La dissolution de l’ensemble des conseils communaux constitue l’autre coup d’Etat après celui du 5 septembre 2021. Jusque-là, la Guinée passait pour modèle en matière de décentralisation. Quelques pays africains envoyaient leurs cadres pour s’inspirer du modèle guinéen.

Depuis, beaucoup d’eau a coulé sous le pont. Entre élections contestées, comme le hold-up électoral que le RPG avait opéré à Matoto pour imposer son candidat ou encore, plus loin, le plébiscite que les maires de Guinée avait fait au palais du peuple pour la candidature du capitaine Moussa Dadis Camara à la présidentielle de 2010, la gouvernance locale a connu des hauts et des bas ces dernières années.

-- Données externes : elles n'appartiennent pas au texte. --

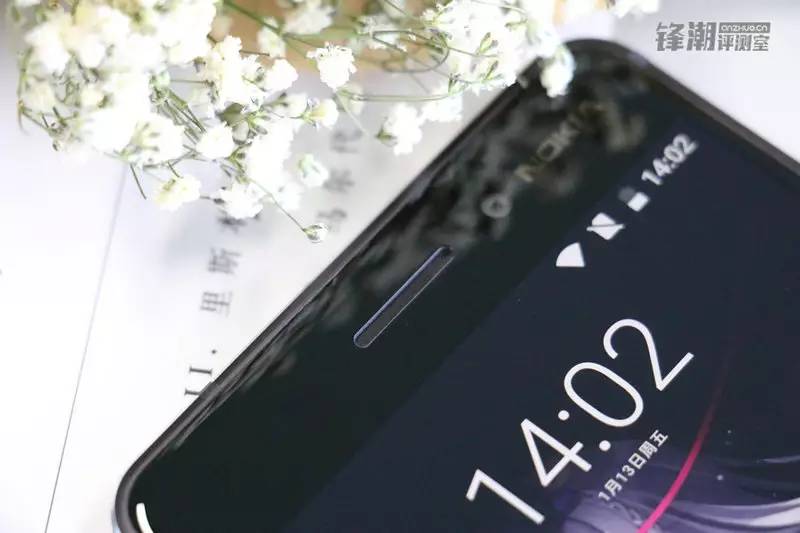 评测丨Nokia 6 玩了一周，我为这波情怀买单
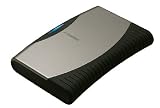 Imation USB2.0ポータブルHDD IM160-UHD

Pour autant, il existait comme une démocratie à la base. Depuis mars 2024, c’est le retour au monopartisme des années 60 et 70. Le général de corps d’armée, Mamadi Doumbouya, est aux délégations spéciales ce que le responsable suprême de la révolution était aux commandants d’arrondissements et autres maires de pouvoir révolutionnaire local, PRL.

Non seulement les délégations spéciales n’ont pas de légitimité populaire, mais elles n’ont pas de compte à rendre à la population. Le véritable patron, c’est Mamadi Doumbouya. Dans un pays où même les élus de l’opposition roulent souvent pour le pouvoir, ceux qui ont été nommés par celui-ci feront preuve à coup sûr d’excès de zèle pour leur bienfaiteur. C’est dire que comme ce nouveau putsch inquiète les défenseurs de la démocratie et de l’Etat de droit. A voir les réactions suscitées par la nomination de tel ou tel, on se rend compte que le Guinéen s’accommode de tout.

Le semblant d’adhésion populaire à cet autre coup d’Etat contre les institutions démocratiques est la preuve de l’incohérence et de l’incongruité notoires de la société guinéenne. Tantôt on est opposé à un coup d’Etat tantôt on se félicite de la nomination au poste de ministre d’un parent, un ami ou un bienfaiteur. Le cas de l’actuel Premier ministre en est une parfaite illustration.  Jusqu’à la récente nomination de M. Bah Oury son parti figurait parmi les plus petites formations politiques de la Guinée. Du moins sur la base du nombre de militants. Depuis sa consécration, le nombre de ses partisans ne cesse de croître.

Il en est de même pour les présidents de délégations spéciales. Les nouveaux promus sont qualifiés de compétents, d’agents de développement pétris de talents ou de patriotes capables de réussir là où les élus ont échoué. On ne devait pas voir pas là l’homme, mais l’acte de sa nomination. Si la loi prévoit le remplacement d’un maire pour une raison ou pour une autre, en revanche elle ne prévoit pas la dissolution de tous les conseils communaux. Les Guinéens ne devaient pas accepter cela. Le refus ne devait pas être une résistance populaire. Le vent qui n’a pas épargné un président de la République n’épargne pas un maire de commune. Mais les Guinéens devaient marquer leur désapprobation par l’insensibilité à l’illégalité.

Féliciter les bénéficiaires de cet autre coup d’Etat contre la décentralisation, c’est cautionner moralement la forfaiture. Et légitimer l’illégitime.